By mid-July 2005, petitioner had attended two Parenting Without Violence classes, having finally made it though the intake process. He was attending a drug treatment program regularly and consistently making progress on other aspects of his case plan. However, the social worker said that she believed Shawna would be at risk if returned to petitioner because he had not made significant progress in addressing "issues of violence." The social worker recommended that reunification services be terminated and the matter set for a section 366.26 hearing.
The matter was set for a contested six-month review but was continued many times to December 2005. In a December 2005 addendum report, the social worker said she had visited petitioner's home and saw that he had a crib, car seat and stroller and that there were no significant safety issues. The social worker talked to petitioner's mother, who said that Hailey and Troy were lying about petitioner being physically abusive toward them. She also said that petitioner's recently deceased father had been addicted to heroin, painkillers, and alcohol and had been physically abusive toward her and toward his children. She told the social worker that she missed him very much. The social worker remained concerned that petitioner denied having been physically abused as a child and having domestic violence in his adult relationships despite reports to the contrary.
In January 2006, before the continued six month hearing was completed, the Department filed a subsequent petition pursuant to section 342.[3] This new petition specifically alleged that petitioner had physically abused Troy and Hailey. The report prepared for the jurisdiction hearing on the new petition included information from the foster mother of Hailey and Troy. She reported that Troy had told her that petitioner had hit him with a bat. The foster mother also reported that Hailey had said that petitioner had given Troy "ouchies" and had bitten both children.
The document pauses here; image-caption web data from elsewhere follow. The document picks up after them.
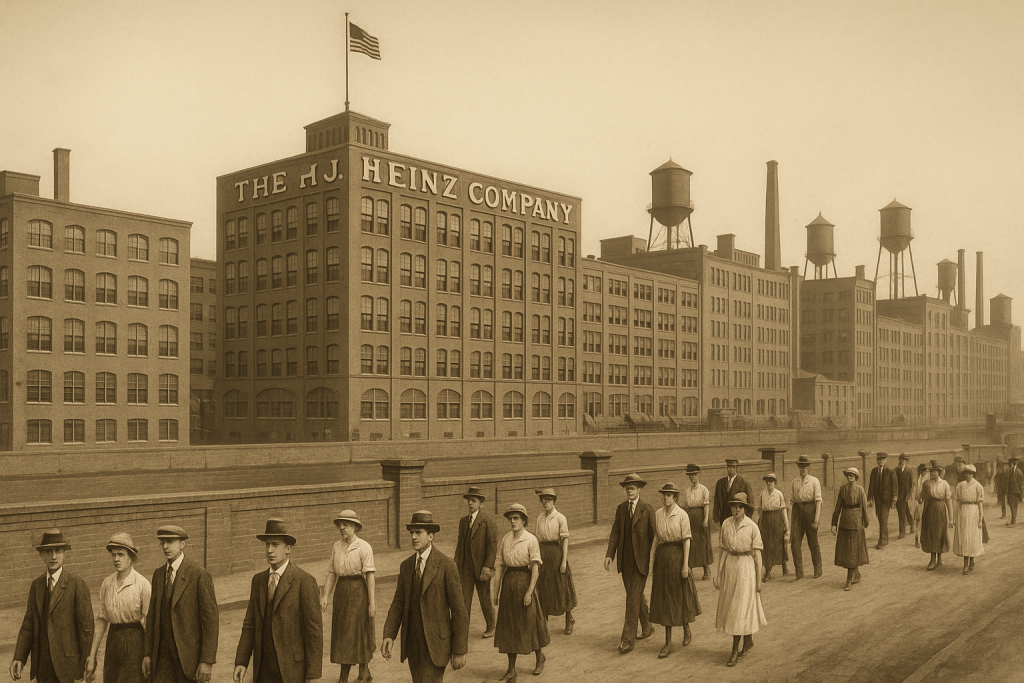The H.J. Heinz Company’s North Side factory, a model of industrial innovation and cleanliness in early 20th-century Pittsburgh.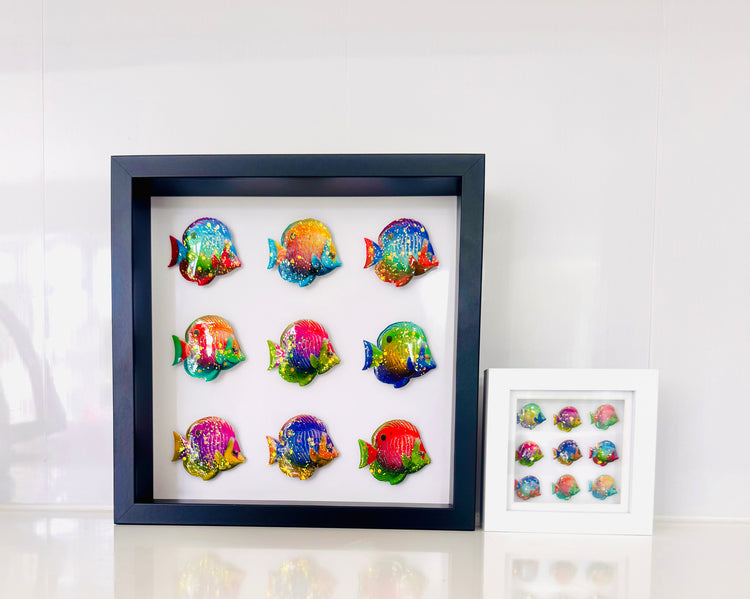 10th anniversary gift Metal Tropical fish tin can framed picture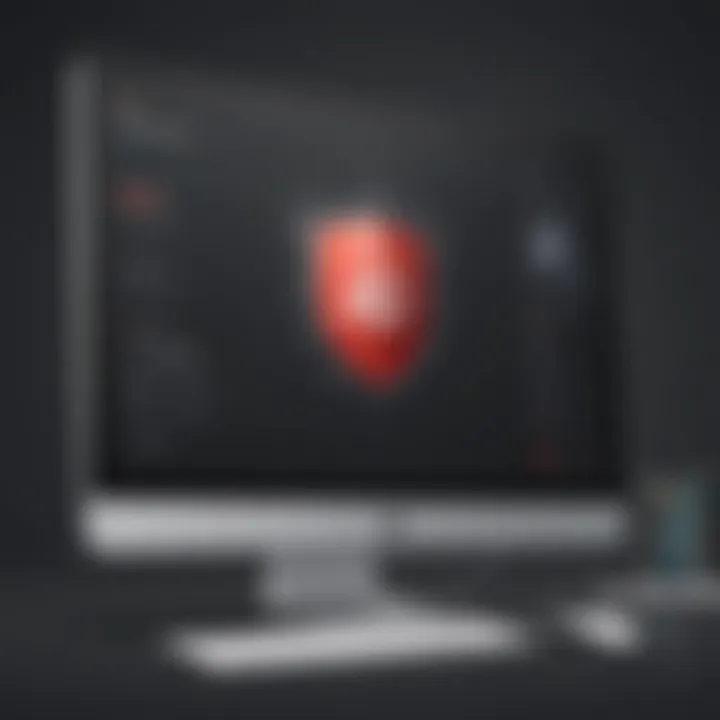 A creative illustration of a shield blocking ads on a computer screen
Hailey's therapist described Hailey as "bright" and said that Hailey had told her about the biting and that, through her therapy, Hailey was now "able to understand the inappropriateness of an adult male biting little children in anger."
In April 2006, the court held the contested jurisdictional hearing on the section 342 petition.[4] The foster mother of Hailey and Troy testified that both children engaged in tantrums and aggressive behavior, such as kicking, hitting, and biting, when they first came to her. At the department's request, she kept a log of statements made by the children. She testified that when Hailey said that Shawn gave Troy "owies" she asked Hailey how Shawn did this. She testified that Hailey's answer was, "Shawn hit here. Hit Troy here and here. . . . She pointed to her arms, her legs, her bottom and her head."
Petitioner testified and said that he never hit Troy "to hurt him." He said, "I would maybe take his hand and say don't do that." Petitioner testified that he never used drugs when visiting Ms. W. three to four times a week and she had denied to him that she was using drugs. Troy and Hailey were usually asleep in bed when he visited. The only injuries he ever saw on the children were a bruise on Troy's wrist, one on the back of his head, and a scratch on his nose. He never saw anyone hit Troy. Petitioner acknowledged having a domestic violence conviction and a battery conviction which resulted from an altercation with his father during which his father called the police. He said that he had been through "several anger management programs" including three or four as a minor.
Hailey's therapist testified that during "post traumatic play that related to the violence that she had seen in her family" Hailey had reported to her that "someone named Shawn had bit her and bit her brother and made him cry." The therapist believed this Shawn to be petitioner. Hailey had a history of biting Troy and others.
The Chief of Pediatrics at Valley Medical Center testified that when Troy was taken there he showed signs of shaken baby syndrome and had bruises and puncture marks that "encompassed virtually every surface of his body." The bruises were of different ages and were consistent with intentional child abuse. The bruises on his face and hands were "very visible" to anyone. The doctor testified, "You couldn't cover these up, and these bruises were visible from across the room. You could not miss them." The doctor said the Troy's injuries fit the definition of torture.
The social worker testified that Ms. W. had said that petitioner did not abuse the children but that he was allowed to "tap" the children to discipline them. Ms. W. testified to domestic violence Hailey had witnessed before Ms. W. became involved with petitioner. She said that petitioner never hit her and only hit the children on the hand. She denied asking her roommate if he "could help get [petitioner] to stop torturing the children." Hailey testified that petitioner kicked and bit Troy.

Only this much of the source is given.